Ich weiß, der Satz "Content is King" hängt uns allen irgendwie zum Hals raus. Wer es bis heute noch nicht gehört hat, ist entweder noch nicht lange im Internet Marketing unterwegs oder hat schlichtweg geschlafen. Egal, welchen Artikel du liest, früher oder später musst du einfach über den Satz "Content is King" stolpern. 

Und ja, ich habe es diesen Monat einmal ausprobiert. Ich behaupte sogar, dass Content nicht nur King ist sondern für jeden Webseitenbetreiber, jeden Firmeninhaber und überhaupt für jeden, der im Internet Geld verdienen will, eine Investition und keine Ausgabe ist. 

Content Marketing

Warum Content keine Ausgabe sein kann

Wenn du bei Google Adwords oder bei Facebook Anzeigen schaltest, um neue Besucher auf deine Webseite zu bekommen, ist das garantiert lohnenswert.

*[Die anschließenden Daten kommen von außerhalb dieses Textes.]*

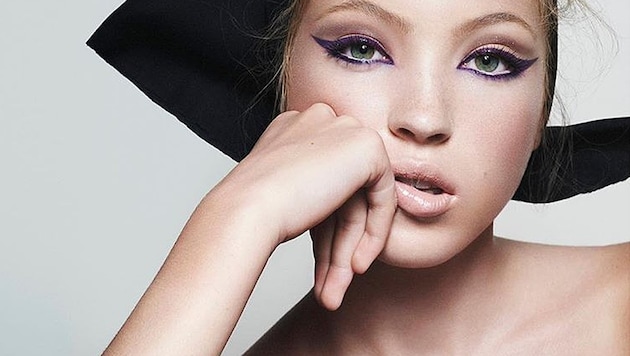 Kate Moss‘ Tochter Lila ist das Gesicht von Marc Jacobs Beauty. (Bild: instagram.com/marcbeauty)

Viele 1000 oder gar 100.000 Webseitenbetreiber machen das so. Aber es kostet Geld. Es ist eine Investition, von der du zunächst nicht weißt, ob sie sich rentieren wird. Es ist wahrscheinlich aber die Möglichkeit besteht ebenfalls, dass du einfach "nur" Geld ausgibst bzw. zwar Besucher generierst aber keine Verkäufe erzielst. Daher sehe ich es eher als Ausgabe.

Wenn du dagegen Inhalte für deine Webseite erstellst, sind diese für immer da.

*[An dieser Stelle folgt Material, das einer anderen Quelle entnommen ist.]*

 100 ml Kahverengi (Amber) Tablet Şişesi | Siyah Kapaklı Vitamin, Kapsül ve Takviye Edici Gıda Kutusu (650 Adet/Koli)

Achte darauf, dass deine Inhalte zeitlos sind und auch Morgen noch ihre Gültigkeit haben und du wirst mit jedem neuen Artikel früher oder später neue Besucher auf deine Webseite bekommen.

Je mehr Content du hast, desto mehr Besucher hast du natürlich auch. Wenn du wirklich interessante und ausführliche Artikel schreibst, werden diese dazu führen, dass du auch Newslettereinschreiber gewinnst und am Ende auch Verkäufe erzielst. 

Für diesen Content investierst du einmal Zeit, nicht unbedingt Geld, und bekommst für immer User über die Suchmaschinen geliefert. Diese sind in dem Fall sogar kostenlos.

Lass uns einmal rechnen...

Wenn wir einmal rechnen: Ein guter und vor allem ausführlicher Blogartikel kostet, je nach Wortanzahl, ca. 50€. Für 50€ bekommst du je nach Klickpreis von Google oder Facebook eine bestimmte Anzahl an Interessenten für deine Webseite. Sagen wir, um einfacher rechnen zu können, jeder Klick kostet nur 0,50€. Das bedeutet, dass du für 50€ 100 Besucher bekommst. Gehen wir davon aus, dass 1% davon zu Käufern werden, sind das nicht viele...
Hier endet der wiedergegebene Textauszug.